» What you need to do
Beginning with the line that contains "Костюм Ирада (синий) К14871-7М" in the material below, print each line exactly until the line that contains "Used Elizabeth Hata" has been printed, then stop.

» Dataset extract
[Start of Attachment]

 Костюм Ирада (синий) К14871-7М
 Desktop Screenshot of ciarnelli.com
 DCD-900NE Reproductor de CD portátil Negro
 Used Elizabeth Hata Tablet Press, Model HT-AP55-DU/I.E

[End of Attachment]
[Start of Attachment]

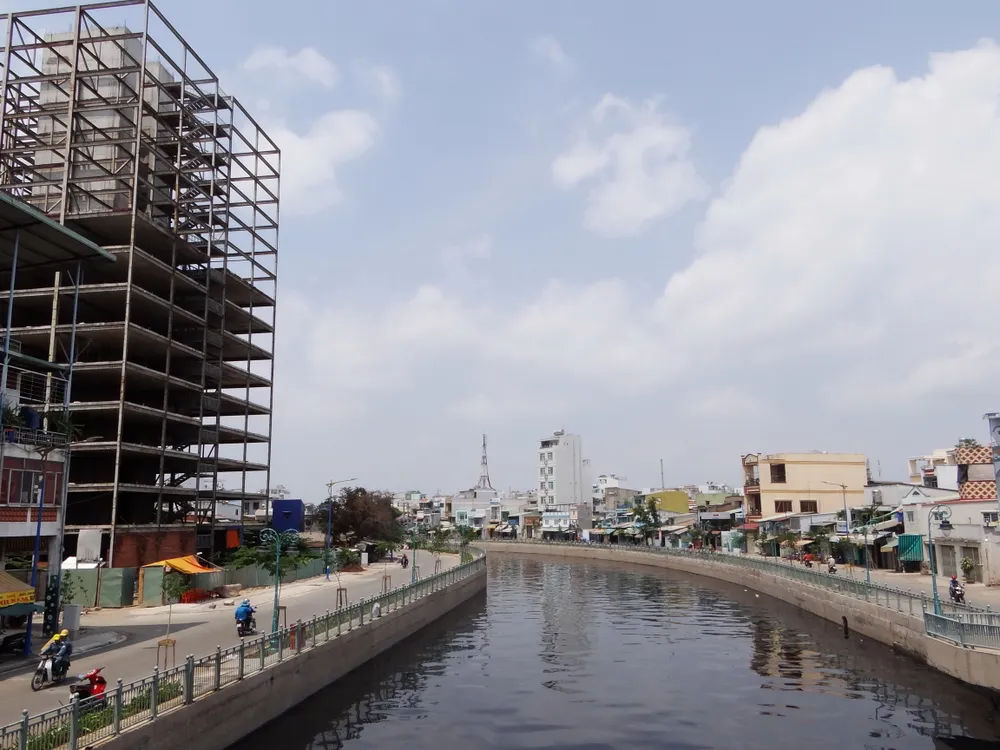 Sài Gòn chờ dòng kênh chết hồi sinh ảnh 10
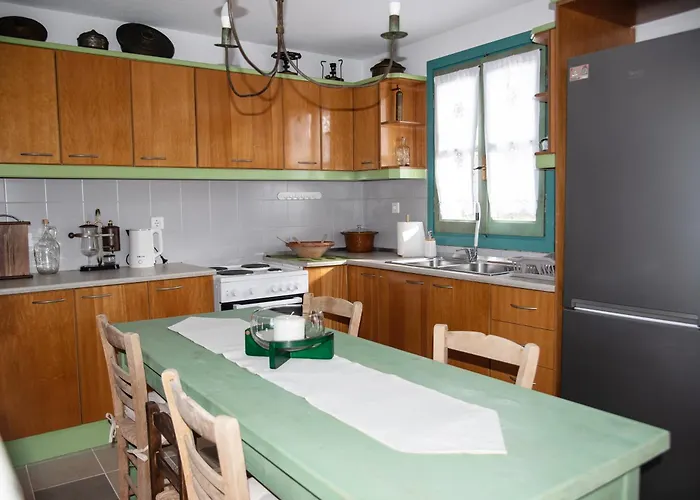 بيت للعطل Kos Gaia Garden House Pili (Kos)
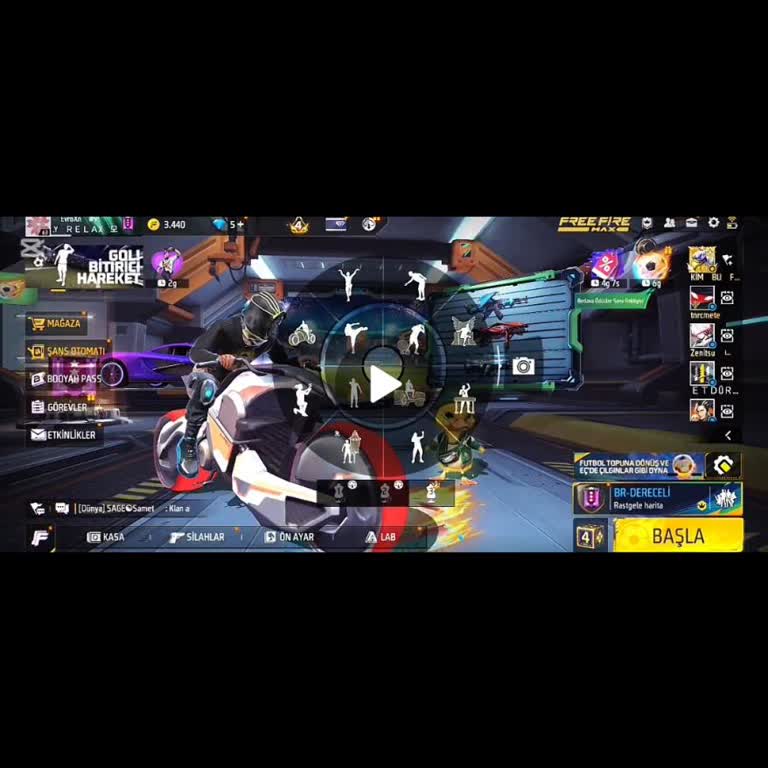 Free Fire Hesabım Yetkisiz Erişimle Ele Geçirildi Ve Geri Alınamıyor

[End of Attachment]

» Exercise solution
 Костюм Ирада (синий) К14871-7М
 Desktop Screenshot of ciarnelli.com
 DCD-900NE Reproductor de CD portátil Negro
 Used Elizabeth Hata Tablet Press, Model HT-AP55-DU/I.E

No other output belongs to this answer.